Sakana, which means ‘fish’ in Japanese, has completed a $135 million funding round, that takes its valuation to 400 billion Yen ($2.635 billion). The company plans to use its new funding for R&D, expanding applied AI, and investments and potential M&A.
The firm’s novel approach to model development — inspired by nature and collective intelligence — is attracting both global investors and major Japanese corporations.
In a good ‘plaice’
The ‘fish’ theme was chosen to reflect its approach: multiple simpler components collaborating like a school of fish rather than a single massive monolithic model.
According to Sakana AI’s announcement, the Series B funding round marks one of the largest recent AI investments in Japan.
The funding comes from a mix of Japanese and international investors, including Mitsubishi UFJ Financial Group (MUFG), Khosla Ventures, Macquarie Capital, Lux Capital, New Enterprise Associates, MPower Partners, Ora Global, and In-Q-Tel (IQT).
Sakana AI’s announcement comes amid heightened global concerns about the sustainability of AI development. Major firms worldwide are investing unprecedented amounts into data centers, GPU clusters, and energy-intensive training runs.
The company frames its mission as a direct response to this trend, stating, “At present, we are seeing a record amount of capital pouring into AI compute at a rate which may not be sustainable, funding AI businesses without a clear path to profitability, and consuming unprecedented levels of energy.”
This critique echoes a growing debate among economists, policymakers, and technologists: whether the current trajectory — dominated by massive foundation models requiring near-limitless resources — is viable long-term. Japan in particular faces structural constraints: limited energy reserves, fewer hyperscale data centers, and demographic pressures that reduce both workforce and risk tolerance.
Sakana AI questions whether Japan should attempt to replicate the U.S. or Chinese scale-based strategies.
“But is this really the future that we want to build? As an AI R&D company in Tokyo, we also question whether this is the right approach for Japan, a nation with limited resources, to build its Sovereign AI.”
Nature-inspired AI
Sakana AI positions itself as an alternative, arguing that intelligence — and evolution itself — arises from scarcity, not abundance.
The firm’s philosophy has informed its research direction from the beginning. Rather than training ever-larger models from scratch, Sakana AI focuses on an evolutionary model merging to combine capabilities from existing open-source models, tree search methods to integrate and optimize closed-source models, and self-evolving architectures capable of improving their own code.

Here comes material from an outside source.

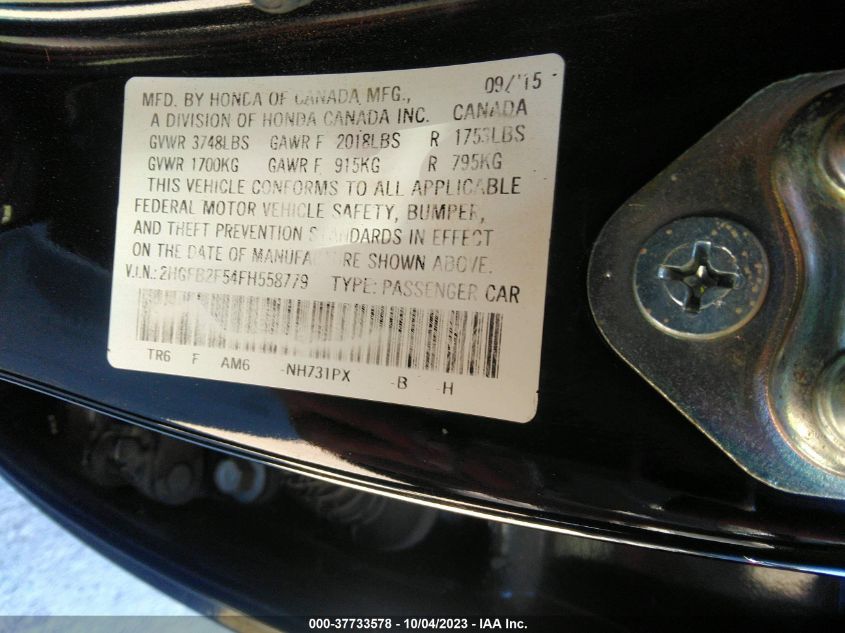 2015 HONDA CIVIC SEDAN LX - 2HGFB2F54FH558779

While Sakana AI operates as a frontier research organization, it has also built a commercial arm that works directly with major Japanese companies.
Key partnerships include MUFG and Daiwa Securities Group, where Sakana AI is helping develop domain-specific AI systems for financial operations. These involve tailoring models to Japan’s unique professional culture, tacit business knowledge, and regulated environments.
Numbers and humans
Japan’s aging population and shrinking workforce make AI adoption especially urgent. With fewer human workers available, automation and intelligent systems will be required to maintain productivity across sectors such as finance, manufacturing, logistics, and healthcare.
Therefore, the company is also expanding beyond finance into defense, intelligence, and manufacturing, reflecting growing government interest in national AI capability.